◆ **REQUIRED WORK**:
Could you copy out all of the entries exactly?
# # #
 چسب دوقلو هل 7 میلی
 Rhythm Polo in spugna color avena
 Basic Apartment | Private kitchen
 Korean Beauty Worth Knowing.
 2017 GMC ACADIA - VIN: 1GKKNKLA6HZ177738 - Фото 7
# # #
◆ **SOLUTION FOR THIS EXERCISE**:
 چسب دوقلو هل 7 میلی
 Rhythm Polo in spugna color avena
 Basic Apartment | Private kitchen
 Korean Beauty Worth Knowing.
 2017 GMC ACADIA - VIN: 1GKKNKLA6HZ177738 - Фото 7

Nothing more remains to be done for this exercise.